- Exercise description -
Begin your copy at the line that holds "silk saree in Salem" and carry it through the final line of the data, writing out each line exactly and omitting pictures.
== Segment start ==
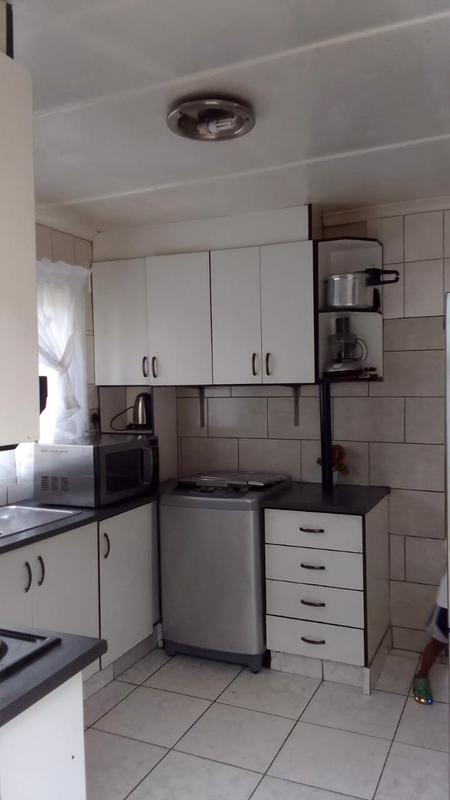 2 Bedroom Property for Sale in Dube Gauteng
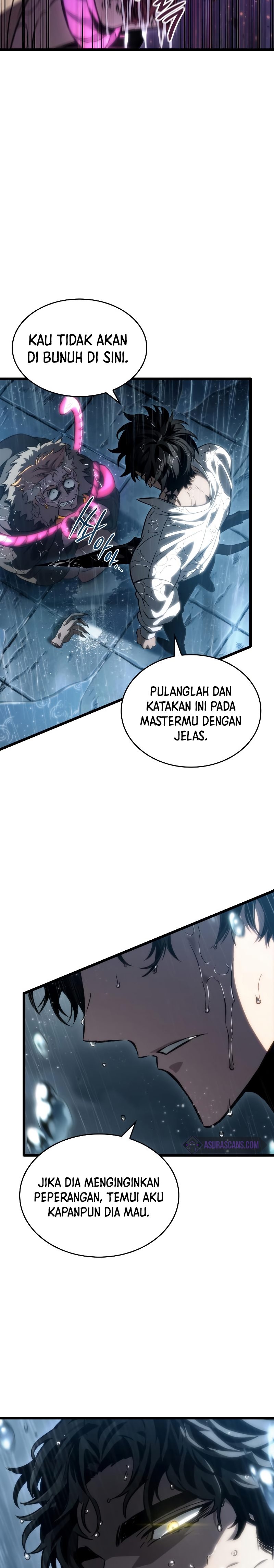 The World After the Fall Chapter 73 Gambar 15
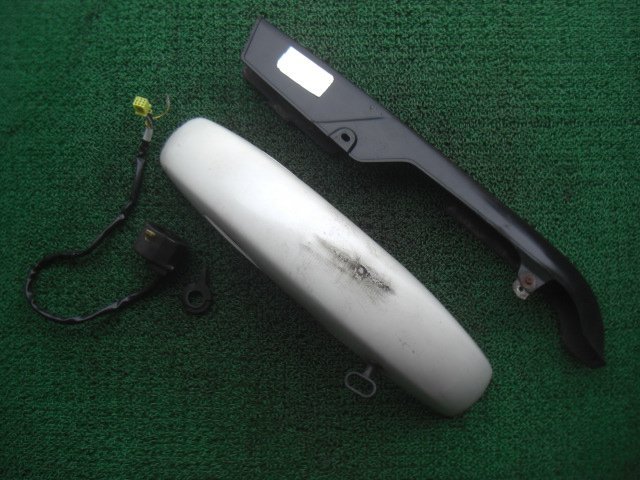 300円 値引きする GSX450E ゴキ 希少 当時物 いろいろ部品 SUZUKI 絶版旧車 検 GSX250E GSX400E ザリ GS400 GS425 GT380 GT750 カタナ ベコ 貴重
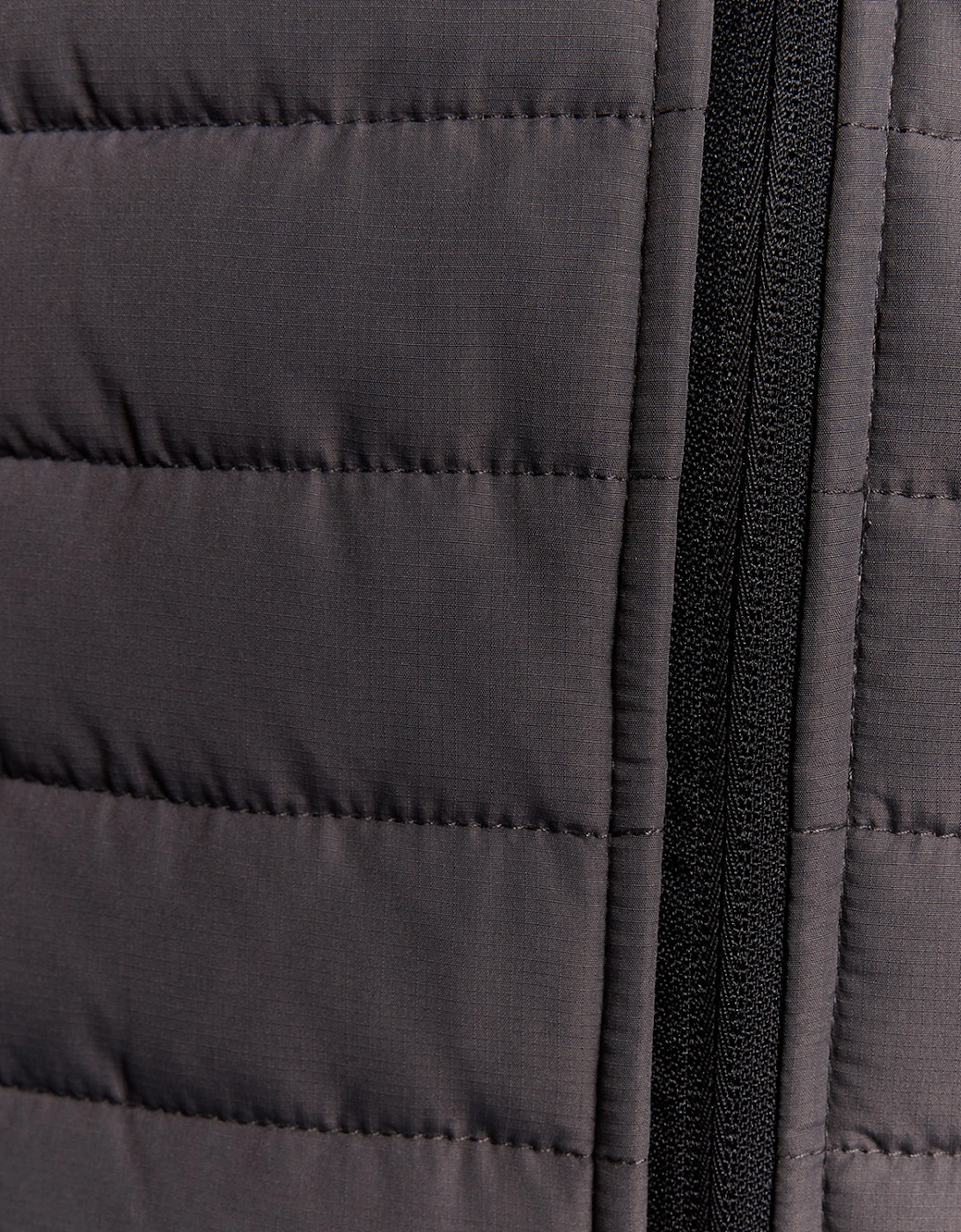 Sports Hybrid Fleece Gilet
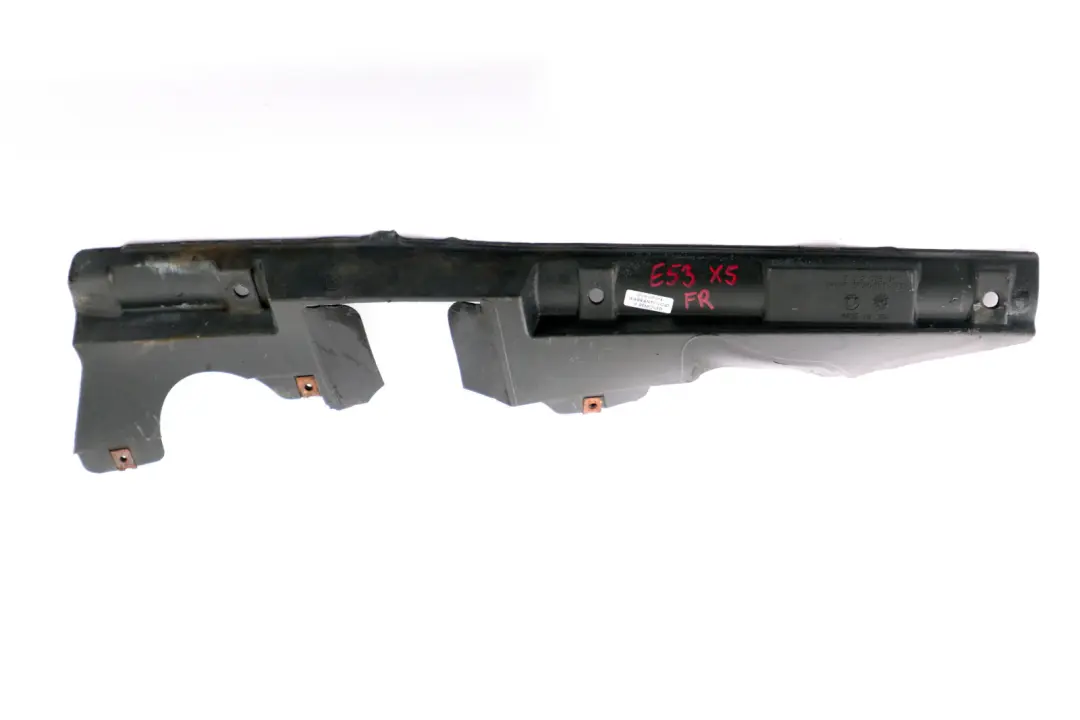 M57 M57N Copertura Scatola Sterzo Inferiore Destro per BMW X5 E53 con numero di parte 7012078 BMW X5 E53 M57 M57N Copertura Scatola Sterzo Inferiore Destro - SKU 7012078 - Numero di parte 7012078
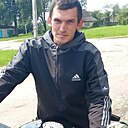 Знакомства: Дмитрий, 26 лет, Сенно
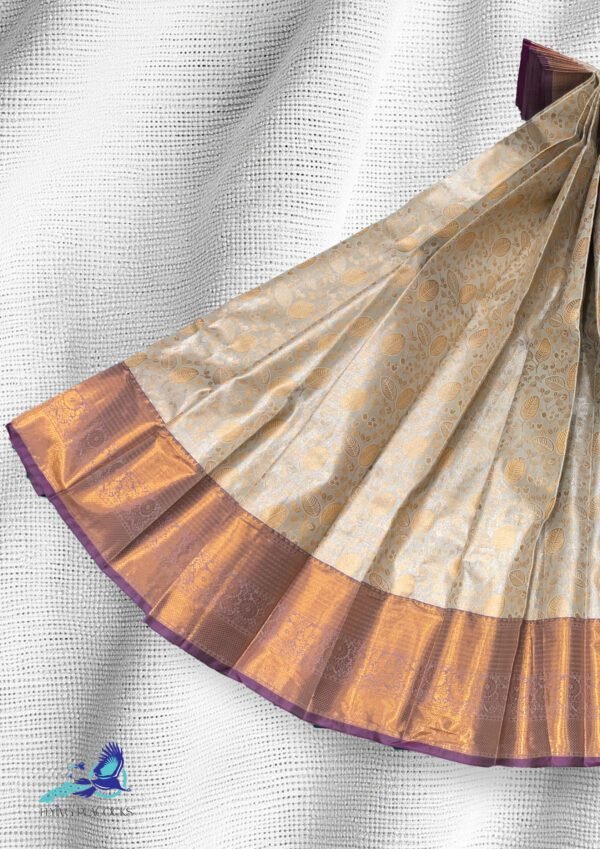 silk saree in Salem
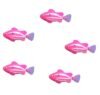 Swimming Electronic Pet Fish Kid Bath Toys - Image 9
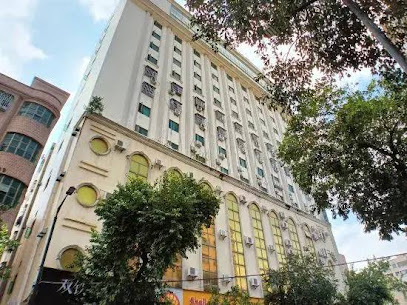 Platinum Times Apartment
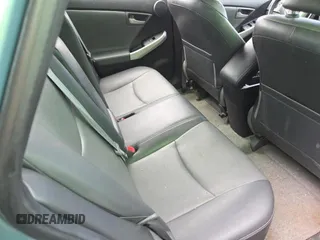 2012 Toyota Prius z VIN JTDKN3DP1C3025530, wystawiony jako Copart lot #54569115 z przebiegiem Nie podano mil oraz Czysty tytuł • Clean title. Historia ofert i sprzedaży dostępna na DreamBid. Obrazek 6.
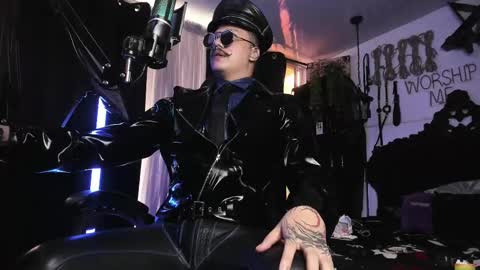 Snapshot of allanhurtss chatting on February 2025 06:35:02 PM online show from February 2025 06:35:02 PM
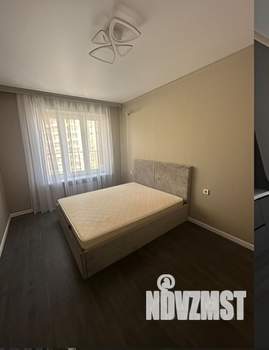 1-к квартира, вторичка, 37м2, 14/22 этаж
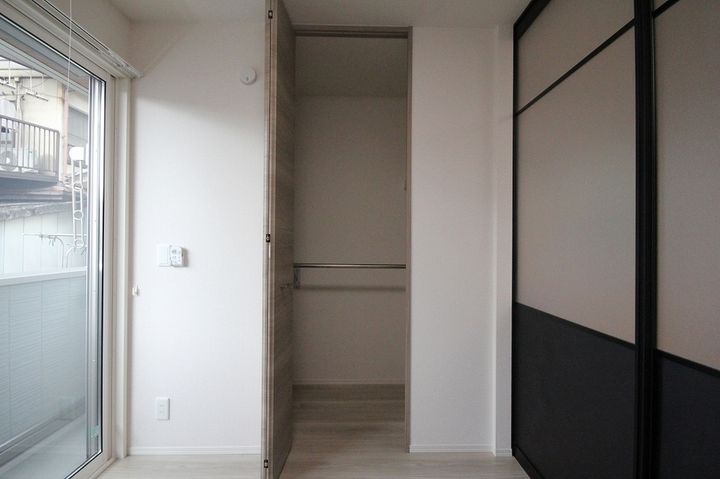 D-residence曙町1丁目302の内装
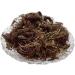 RAW HERB/JADI BOOTI DRIED MAYUR SHIKHA LEAVES (50GM) - Buy Online on GoSupps.com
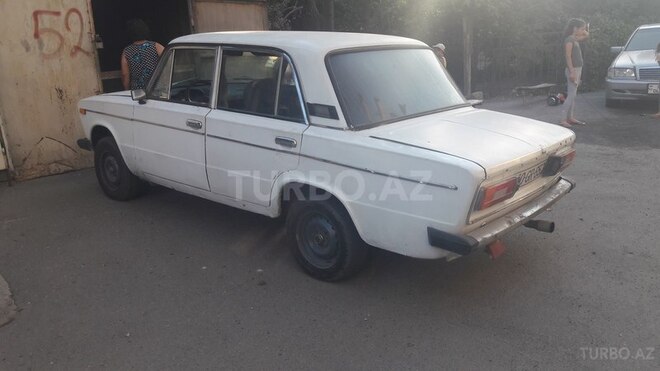 LADA (VAZ) 2106 1983, 25,000 km - 0.2 l - Bakı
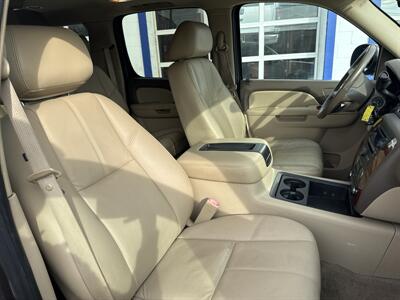 2012 Chevrolet Suburban LT - Photo 30 - West Chester, PA 19382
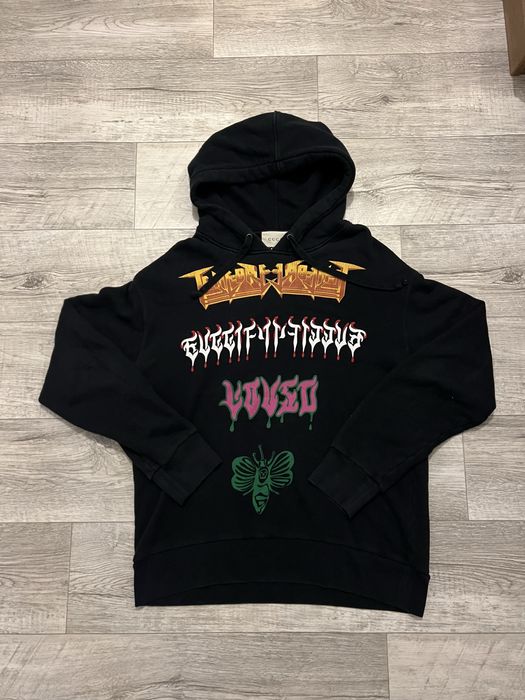 Кофта Gucci ( куртка худі пуховик сумка )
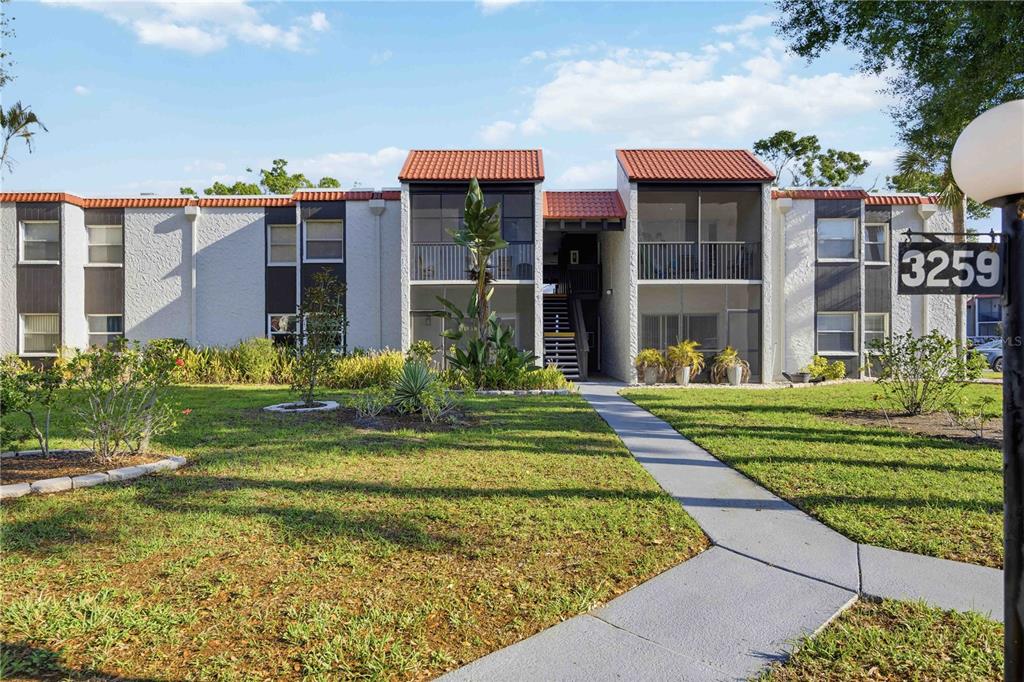 3259 BENEVA ROAD UNIT 101, SARASOTA, FL — photo 2 of 30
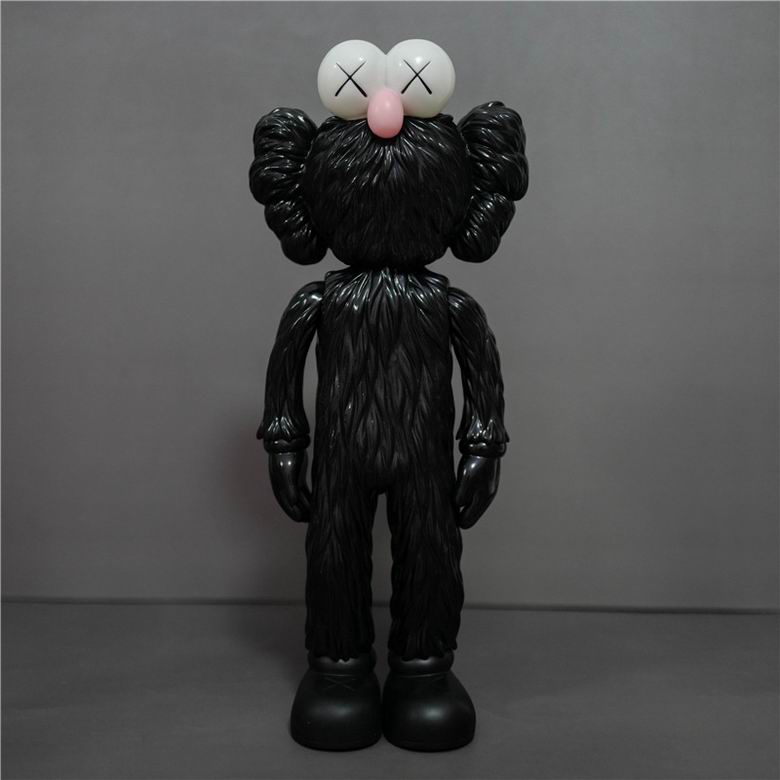 Kaws 14 8 35cm 660g m   (4)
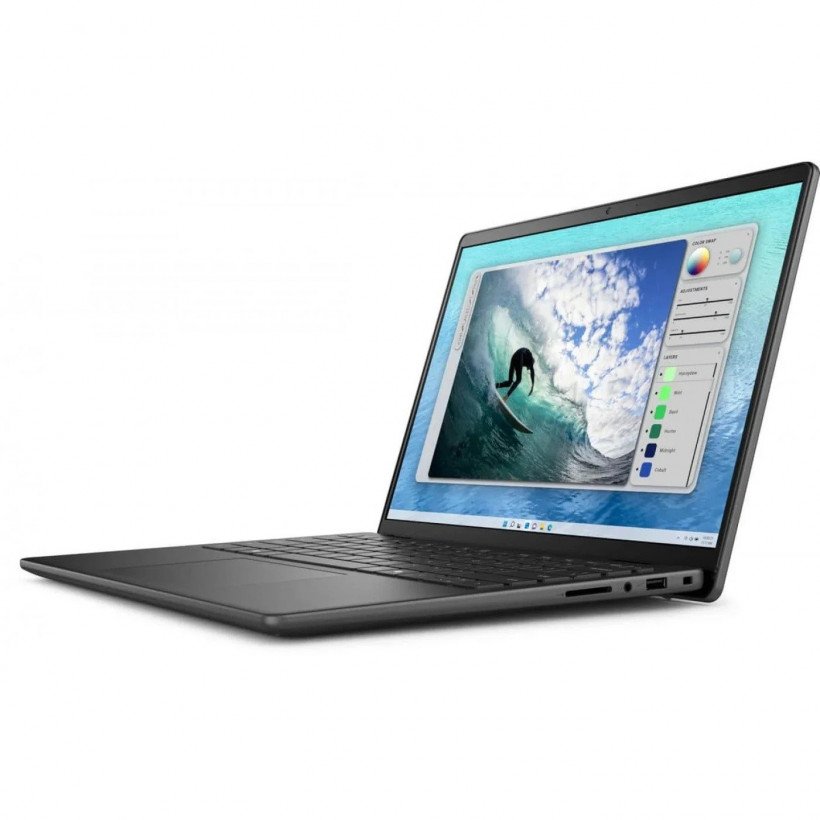Ноутбук Dell Inspiron 5440 (i5440-5145BLK-PUS)  Фото №0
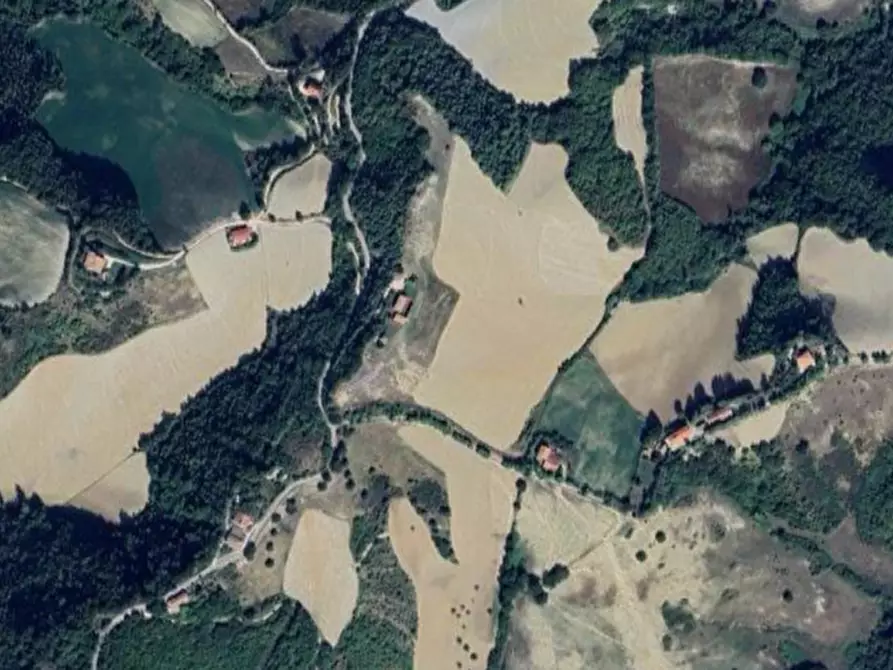 appartamento in vendita ad Urbino in zona Girfalco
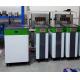 Home Lithium Ion Battery System 100Ah 200Ah Li Ion Solar Battery UL1642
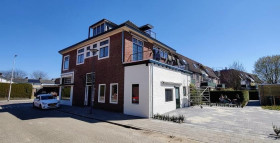 Appartement in Winterswijk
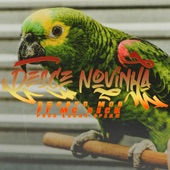 Desce Novinha (feat. MC Rick) artwork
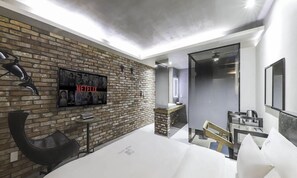 Deluxe Plus - Jeonju Neue Hotel (Jeonju)
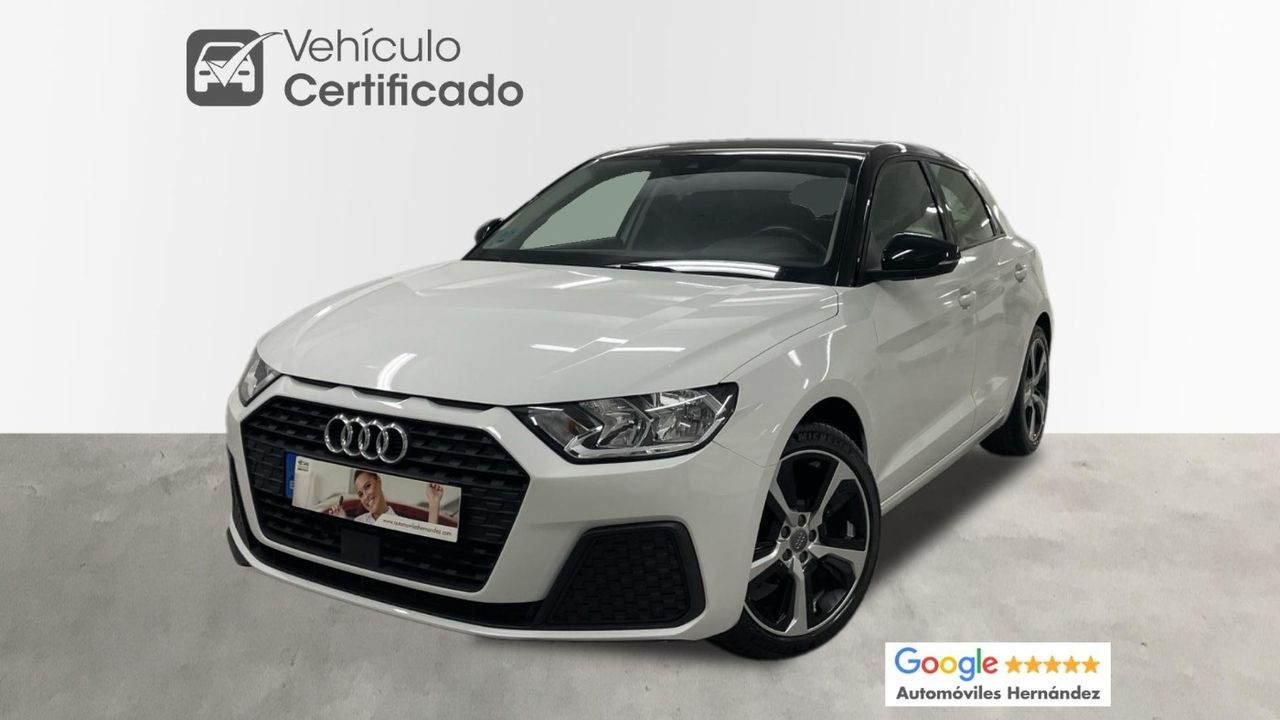 Foto Audi A1 2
== Segment end ==
- Worked solution -
 silk saree in Salem
 Swimming Electronic Pet Fish Kid Bath Toys - Image 9
 Platinum Times Apartment
 2012 Toyota Prius z VIN JTDKN3DP1C3025530, wystawiony jako Copart lot #54569115 z przebiegiem Nie podano mil oraz Czysty tytuł • Clean title. Historia ofert i sprzedaży dostępna na DreamBid. Obrazek 6.
 Snapshot of allanhurtss chatting on February 2025 06:35:02 PM online show from February 2025 06:35:02 PM
 1-к квартира, вторичка, 37м2, 14/22 этаж
 D-residence曙町1丁目302の内装
 RAW HERB/JADI BOOTI DRIED MAYUR SHIKHA LEAVES (50GM) - Buy Online on GoSupps.com
 LADA (VAZ) 2106 1983, 25,000 km - 0.2 l - Bakı
 2012 Chevrolet Suburban LT - Photo 30 - West Chester, PA 19382
 Кофта Gucci ( куртка худі пуховик сумка )
 3259 BENEVA ROAD UNIT 101, SARASOTA, FL — photo 2 of 30
 Kaws 14 8 35cm 660g m   (4)
Ноутбук Dell Inspiron 5440 (i5440-5145BLK-PUS)  Фото №0
 appartamento in vendita ad Urbino in zona Girfalco
 Home Lithium Ion Battery System 100Ah 200Ah Li Ion Solar Battery UL1642
 Appartement in Winterswijk
 Desce Novinha (feat. MC Rick) artwork
 Deluxe Plus - Jeonju Neue Hotel (Jeonju)
 Foto Audi A1 2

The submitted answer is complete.